For over two years, DataSift has been hard at work making access to Social Data easier in a number of fundamental ways. We started by firstly approaching the market in a new way – ingesting ‘everything’ and bringing a consistent approach to the access, filtering and delivery of the data. This was no small task – we were taking on the Firehose of all the major social networks and pushing them through a single pipe, which required new technologies to be developed and even the use of cutting edge hardware to deal with demands of latency and bandwidth beyond most data centre’s dreams.
The advantages to our customers quickly became evident, the simplicity of being able to treat all data as one, a common framework you could say, and most importantly, the power of a language that was designed for the purpose of dealing with unstructured data. Lastly over time we built out ever more elegant solutions for delivery, starting with real-time (and I mean sub 200ms real-time) and then enterprise bulletproof data delivery mechanisms that can transmit terabytes of data without losing a single byte.
The market quickly adapted to our new found powers and the ecosystem of smart companies building ever more powerful Social solutions has been amazing to watch. Development time and cost has radically been changed and customers are ever more focused on the analytical problems rather than data integration problems.

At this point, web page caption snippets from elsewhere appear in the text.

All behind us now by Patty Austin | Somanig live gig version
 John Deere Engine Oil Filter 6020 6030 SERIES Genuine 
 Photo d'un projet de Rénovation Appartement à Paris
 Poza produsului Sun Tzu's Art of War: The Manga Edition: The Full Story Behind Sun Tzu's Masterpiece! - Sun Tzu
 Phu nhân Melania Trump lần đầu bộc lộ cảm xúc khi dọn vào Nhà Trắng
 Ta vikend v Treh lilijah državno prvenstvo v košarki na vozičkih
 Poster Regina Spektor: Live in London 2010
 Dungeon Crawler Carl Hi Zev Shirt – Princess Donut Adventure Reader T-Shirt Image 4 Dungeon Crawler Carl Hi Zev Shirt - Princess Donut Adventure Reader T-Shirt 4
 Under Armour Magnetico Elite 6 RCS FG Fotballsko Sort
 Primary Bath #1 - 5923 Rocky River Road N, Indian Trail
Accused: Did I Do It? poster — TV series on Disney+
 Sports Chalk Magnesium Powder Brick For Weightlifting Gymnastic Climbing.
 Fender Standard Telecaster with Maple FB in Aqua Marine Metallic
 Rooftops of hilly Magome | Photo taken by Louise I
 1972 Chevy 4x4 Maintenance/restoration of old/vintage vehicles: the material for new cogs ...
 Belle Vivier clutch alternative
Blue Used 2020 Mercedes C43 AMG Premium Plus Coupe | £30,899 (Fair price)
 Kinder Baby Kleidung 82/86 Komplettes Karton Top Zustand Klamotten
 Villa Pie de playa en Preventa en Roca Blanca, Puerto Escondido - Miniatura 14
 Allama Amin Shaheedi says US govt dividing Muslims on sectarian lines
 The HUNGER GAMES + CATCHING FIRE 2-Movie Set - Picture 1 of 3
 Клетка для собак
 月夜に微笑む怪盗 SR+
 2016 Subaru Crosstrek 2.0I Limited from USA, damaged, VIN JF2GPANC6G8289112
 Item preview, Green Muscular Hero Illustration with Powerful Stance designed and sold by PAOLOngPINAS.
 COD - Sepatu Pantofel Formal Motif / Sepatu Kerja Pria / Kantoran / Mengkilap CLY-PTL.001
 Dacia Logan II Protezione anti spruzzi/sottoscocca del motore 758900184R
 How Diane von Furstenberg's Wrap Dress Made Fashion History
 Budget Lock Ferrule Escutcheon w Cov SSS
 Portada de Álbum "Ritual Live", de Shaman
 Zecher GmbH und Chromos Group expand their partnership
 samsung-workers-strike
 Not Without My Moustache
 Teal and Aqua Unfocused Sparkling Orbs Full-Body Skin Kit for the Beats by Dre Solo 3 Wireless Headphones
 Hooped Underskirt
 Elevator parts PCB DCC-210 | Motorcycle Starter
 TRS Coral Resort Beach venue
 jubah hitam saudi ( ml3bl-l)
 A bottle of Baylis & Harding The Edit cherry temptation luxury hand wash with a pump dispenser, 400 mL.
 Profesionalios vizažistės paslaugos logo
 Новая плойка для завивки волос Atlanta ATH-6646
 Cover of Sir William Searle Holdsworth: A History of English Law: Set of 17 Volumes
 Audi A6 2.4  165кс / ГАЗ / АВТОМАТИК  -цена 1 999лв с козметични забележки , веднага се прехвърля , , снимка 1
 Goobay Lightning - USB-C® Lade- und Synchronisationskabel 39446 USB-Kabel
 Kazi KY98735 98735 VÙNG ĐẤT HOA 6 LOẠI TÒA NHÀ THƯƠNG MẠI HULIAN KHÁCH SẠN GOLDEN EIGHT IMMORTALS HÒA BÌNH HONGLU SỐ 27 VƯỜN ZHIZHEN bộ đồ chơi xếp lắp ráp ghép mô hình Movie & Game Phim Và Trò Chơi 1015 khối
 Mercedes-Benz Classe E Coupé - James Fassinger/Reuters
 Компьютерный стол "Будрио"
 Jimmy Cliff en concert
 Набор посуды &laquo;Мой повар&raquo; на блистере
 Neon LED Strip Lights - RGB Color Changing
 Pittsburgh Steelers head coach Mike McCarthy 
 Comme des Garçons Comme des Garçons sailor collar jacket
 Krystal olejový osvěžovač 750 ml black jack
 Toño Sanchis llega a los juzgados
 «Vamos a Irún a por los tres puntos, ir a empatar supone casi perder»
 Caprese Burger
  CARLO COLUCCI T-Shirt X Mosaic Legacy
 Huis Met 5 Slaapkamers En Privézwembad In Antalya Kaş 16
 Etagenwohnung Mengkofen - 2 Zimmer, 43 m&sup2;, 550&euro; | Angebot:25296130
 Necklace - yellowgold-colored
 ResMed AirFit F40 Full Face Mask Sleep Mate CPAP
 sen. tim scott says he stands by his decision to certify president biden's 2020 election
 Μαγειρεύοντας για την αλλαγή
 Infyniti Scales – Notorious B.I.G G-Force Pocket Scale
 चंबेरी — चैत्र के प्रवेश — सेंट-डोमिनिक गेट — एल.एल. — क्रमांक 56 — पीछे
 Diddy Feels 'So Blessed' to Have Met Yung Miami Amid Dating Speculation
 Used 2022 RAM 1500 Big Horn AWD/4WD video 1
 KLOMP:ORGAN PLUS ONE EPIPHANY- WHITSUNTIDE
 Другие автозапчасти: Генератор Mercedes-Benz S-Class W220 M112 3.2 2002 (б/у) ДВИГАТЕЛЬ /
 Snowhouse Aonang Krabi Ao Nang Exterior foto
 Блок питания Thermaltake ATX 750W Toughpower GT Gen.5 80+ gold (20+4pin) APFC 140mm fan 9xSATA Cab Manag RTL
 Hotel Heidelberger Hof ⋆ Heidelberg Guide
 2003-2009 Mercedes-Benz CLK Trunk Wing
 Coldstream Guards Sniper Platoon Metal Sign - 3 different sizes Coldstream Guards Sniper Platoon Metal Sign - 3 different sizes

A year ago we introduced historical access to Twitter (and now most other data sources). This was a labour of love for the engineering team and me. My principle approach is always simplicity – I wanted the access to use the same language, same powers and importantly the same delivery methods. No commercial (or Open Source) solution existed that did what we wanted. This meant taking a number of open source projects and then throwing most of it away and building something revolutionary. The end results though, we think speak for themselves. We have delivered a consistent approach to access data letting customers switching between real-time and historical to let them focus on the questions to ask.
I always thought that the ‘Big Data’ trend was about two things, firstly that most companies now had many data sources and that in most cases they were in different formats and different structures (schemas to the technical), and joining them was extremely difficult. Secondly, that a lot of the data was unstructured and could not be queried with traditional databases. A lot of new technologies have been developed to solve both of these problems – but actually something happened along the way. In reality a third problem became the focus, that of scale. Companies found ever more that the data they were generating were beyond the capabilities of the older traditional solutions.
The first two I have started to call the ‘elephants in the room’ – the solutions are there but they have proved to be expensive and in most cases require lots of developers. They also require a new rare breed of ‘data scientists’ to tackle even the most simple of problems.
Social Data is very much a Big Data problem – the data generated each day is beyond the reach of 99.99% of businesses and to store even a fraction of it is a challenge. Second the content itself is in the most part unstructured. If you look at a Tweet – there is almost nothing you can do to it in a purely analytical sense other than count it. For two years I have been wrestling with how we could make both understanding the data simple and to bring it into context for business.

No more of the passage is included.